BEGIN EXCERPTED DATA

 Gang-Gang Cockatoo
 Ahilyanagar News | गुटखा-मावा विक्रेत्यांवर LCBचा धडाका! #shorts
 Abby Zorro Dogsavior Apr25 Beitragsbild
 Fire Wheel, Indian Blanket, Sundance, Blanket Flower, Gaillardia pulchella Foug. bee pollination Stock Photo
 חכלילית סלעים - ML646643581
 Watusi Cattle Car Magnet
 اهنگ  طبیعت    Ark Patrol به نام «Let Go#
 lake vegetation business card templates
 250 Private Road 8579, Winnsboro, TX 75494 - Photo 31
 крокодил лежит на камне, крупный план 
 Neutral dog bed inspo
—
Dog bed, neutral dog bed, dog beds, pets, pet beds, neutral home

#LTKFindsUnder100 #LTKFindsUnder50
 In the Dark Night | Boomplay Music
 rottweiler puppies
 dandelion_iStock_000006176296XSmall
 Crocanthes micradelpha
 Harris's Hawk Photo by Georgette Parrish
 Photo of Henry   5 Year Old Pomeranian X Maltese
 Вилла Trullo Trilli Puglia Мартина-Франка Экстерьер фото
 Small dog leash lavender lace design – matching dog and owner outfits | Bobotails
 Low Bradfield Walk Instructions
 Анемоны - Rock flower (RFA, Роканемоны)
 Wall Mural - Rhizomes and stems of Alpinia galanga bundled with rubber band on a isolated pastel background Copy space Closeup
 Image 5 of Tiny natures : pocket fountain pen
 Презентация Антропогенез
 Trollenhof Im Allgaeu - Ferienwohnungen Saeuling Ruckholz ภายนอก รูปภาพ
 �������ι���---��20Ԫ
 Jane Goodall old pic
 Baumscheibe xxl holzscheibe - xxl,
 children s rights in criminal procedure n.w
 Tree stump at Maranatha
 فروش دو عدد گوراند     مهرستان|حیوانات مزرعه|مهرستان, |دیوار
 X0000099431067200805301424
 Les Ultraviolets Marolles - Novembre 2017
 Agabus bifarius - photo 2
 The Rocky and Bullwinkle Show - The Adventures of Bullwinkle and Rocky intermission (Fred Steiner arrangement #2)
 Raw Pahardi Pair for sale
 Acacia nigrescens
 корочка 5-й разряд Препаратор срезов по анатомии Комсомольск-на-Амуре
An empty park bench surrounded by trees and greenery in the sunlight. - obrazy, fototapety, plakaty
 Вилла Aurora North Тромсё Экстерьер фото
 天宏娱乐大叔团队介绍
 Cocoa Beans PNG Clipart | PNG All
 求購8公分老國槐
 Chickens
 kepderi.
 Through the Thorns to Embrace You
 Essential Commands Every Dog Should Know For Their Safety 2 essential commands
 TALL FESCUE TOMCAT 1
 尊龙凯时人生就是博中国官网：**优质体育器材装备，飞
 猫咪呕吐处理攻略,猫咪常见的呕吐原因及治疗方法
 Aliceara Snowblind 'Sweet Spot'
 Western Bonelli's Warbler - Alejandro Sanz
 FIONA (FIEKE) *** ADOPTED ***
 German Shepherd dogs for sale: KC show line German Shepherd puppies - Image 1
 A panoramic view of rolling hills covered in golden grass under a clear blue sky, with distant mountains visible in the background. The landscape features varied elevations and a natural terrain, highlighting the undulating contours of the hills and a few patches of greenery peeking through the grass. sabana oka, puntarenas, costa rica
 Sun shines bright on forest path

END EXCERPTED DATA

TASK REQUIREMENTS>
Every entry should be duplicated exactly as written.

SOLUTION TO THE PROBLEM>
 Gang-Gang Cockatoo
 Ahilyanagar News | गुटखा-मावा विक्रेत्यांवर LCBचा धडाका! #shorts
 Abby Zorro Dogsavior Apr25 Beitragsbild
 Fire Wheel, Indian Blanket, Sundance, Blanket Flower, Gaillardia pulchella Foug. bee pollination Stock Photo
 חכלילית סלעים - ML646643581
 Watusi Cattle Car Magnet
 اهنگ  طبیعت    Ark Patrol به نام «Let Go#
 lake vegetation business card templates
 250 Private Road 8579, Winnsboro, TX 75494 - Photo 31
 крокодил лежит на камне, крупный план 
 Neutral dog bed inspo
—
Dog bed, neutral dog bed, dog beds, pets, pet beds, neutral home

#LTKFindsUnder100 #LTKFindsUnder50
 In the Dark Night | Boomplay Music
 rottweiler puppies
 dandelion_iStock_000006176296XSmall
 Crocanthes micradelpha
 Harris's Hawk Photo by Georgette Parrish
 Photo of Henry   5 Year Old Pomeranian X Maltese
 Вилла Trullo Trilli Puglia Мартина-Франка Экстерьер фото
 Small dog leash lavender lace design – matching dog and owner outfits | Bobotails
 Low Bradfield Walk Instructions
 Анемоны - Rock flower (RFA, Роканемоны)
 Wall Mural - Rhizomes and stems of Alpinia galanga bundled with rubber band on a isolated pastel background Copy space Closeup
 Image 5 of Tiny natures : pocket fountain pen
 Презентация Антропогенез
 Trollenhof Im Allgaeu - Ferienwohnungen Saeuling Ruckholz ภายนอก รูปภาพ
 �������ι���---��20Ԫ
 Jane Goodall old pic
 Baumscheibe xxl holzscheibe - xxl,
 children s rights in criminal procedure n.w
 Tree stump at Maranatha
 فروش دو عدد گوراند     مهرستان|حیوانات مزرعه|مهرستان, |دیوار
 X0000099431067200805301424
 Les Ultraviolets Marolles - Novembre 2017
 Agabus bifarius - photo 2
 The Rocky and Bullwinkle Show - The Adventures of Bullwinkle and Rocky intermission (Fred Steiner arrangement #2)
 Raw Pahardi Pair for sale
 Acacia nigrescens
 корочка 5-й разряд Препаратор срезов по анатомии Комсомольск-на-Амуре
An empty park bench surrounded by trees and greenery in the sunlight. - obrazy, fototapety, plakaty
 Вилла Aurora North Тромсё Экстерьер фото
 天宏娱乐大叔团队介绍
 Cocoa Beans PNG Clipart | PNG All
 求購8公分老國槐
 Chickens
 kepderi.
 Through the Thorns to Embrace You
 Essential Commands Every Dog Should Know For Their Safety 2 essential commands
 TALL FESCUE TOMCAT 1
 尊龙凯时人生就是博中国官网：**优质体育器材装备，飞
 猫咪呕吐处理攻略,猫咪常见的呕吐原因及治疗方法
 Aliceara Snowblind 'Sweet Spot'
 Western Bonelli's Warbler - Alejandro Sanz
 FIONA (FIEKE) *** ADOPTED ***
 German Shepherd dogs for sale: KC show line German Shepherd puppies - Image 1
 A panoramic view of rolling hills covered in golden grass under a clear blue sky, with distant mountains visible in the background. The landscape features varied elevations and a natural terrain, highlighting the undulating contours of the hills and a few patches of greenery peeking through the grass. sabana oka, puntarenas, costa rica
 Sun shines bright on forest path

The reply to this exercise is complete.